1. Hukuk Dairesi 2016/16536 E. , 2020/1510 K.
"İçtihat Metni"MAHKEMESİ : ASLİYE HUKUK MAHKEMESİ
DAVA TÜRÜ : TENKİS
Taraflar arasında görülen tenkis davası sonunda, yerel mahkemece davanın reddine ilişkin olarak verilen karar davacı vekili tarafından yasal süre içerisinde temyiz edilmiş olmakla dosya incelendi, Tetkik Hakimi ..."nin raporu okundu, açıklamaları dinlendi, gereği görüşülüp düşünüldü;
-KARAR-
Dava, tenkis isteğine ilişkindir.
Davacı, mirasbırakan annesi ...’nun ... 3. Noterliğinin 15.06.2012 tarihli 8992 yevmiye numaralı vasiyetnamesi ile tüm malvarlığını 2. eşinden olma çocukları olan davalılara vasiyet ettiğini, saklı payına tecavüz edildiğini ileri sürerek tenkis istemiştir.
Davalılar, ... 8. Asliye Hukuk Mahkemesinin 2015/272 Esas sayılı dosyasında görülen ve karara bağlanan vasiyetnamenin iptali davasının aynı zamanda tenkis istemini de kapsadığını, kaldı ki davacının aile hukukundan doğan yükümlülüklerini yerine getirmemesi nedeniyle tenkis isteğinde bulunamayacağını belirtip davanın usulden ve esastan reddini savunmuşlardır.
Mahkemece, davacı tarafından açılan ve feragat nedeniyle reddine karar verilen ... 8. Asliye Hukuk Mahkemesinin 2015/272 Esas sayılı vasiyetnamenin iptali davasında saklı payın ihlal edildiği iddiasının da bulunduğu, bu nedenle ekdeki davada kesin hüküm teşkil edeceği gerekçesiyle davanın reddine karar verilmiştir.

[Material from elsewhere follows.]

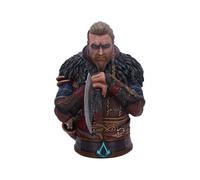 Figurine Assassin's Creed Valhalla - Buste Eivor 32 cm. G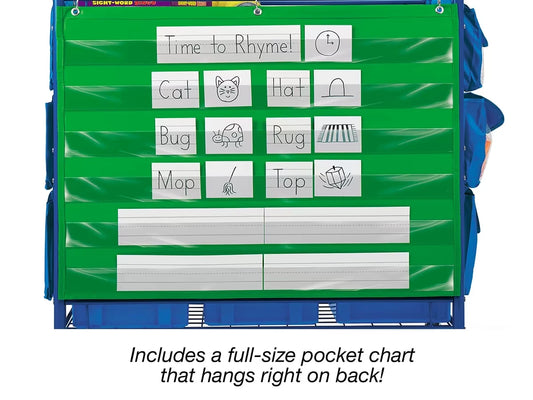 All-Purpose Teaching Cart - US 5159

Dosya içeriğinden, toplanan delillerden, mirasbırakan ..."nun 15.06.2012 tarihli vasiyetname ile tüm malvarlığını davalılara vasiyet ettiği, ... 2. Sulh Hukuk Mahkemesinin 2015/925 Esas, 2015/1585 Karar sayılı 23.10.2015 tarihli ilamıyla vasiyetnamenin açılmasına karar verildiği, davacının mirasbırakanın vasiyetnamenin düzenlendiği tarihte ayırt etme gücünün olmadığını, vasiyetnamenin mal kaçırma amacıyla düzenlendiğini ileri sürerek vasiyetnamenin iptali istemiyle eldeki davadaki davalılar aleyhine açtığı davanın ... 8. Asliye Hukuk Mahkemesinin 2015/272 Esas, 2015/433 Karar sayılı 12.10.2015 tarihli ilamıyla feragat nedeniyle reddine karar verildiği, hükmün temyiz edilmeksizin 24.11.2015 tarihinde kesinleştiği anlaşılmaktadır. 1930 doğumlu mirasbırakanın 09.02.2015 tarihinde öldüğü geriye mirasçıları olarak ilk eşinden olma oğlu davacı ile 2. eşinden olma çocukları davalıların kaldığı sabittir.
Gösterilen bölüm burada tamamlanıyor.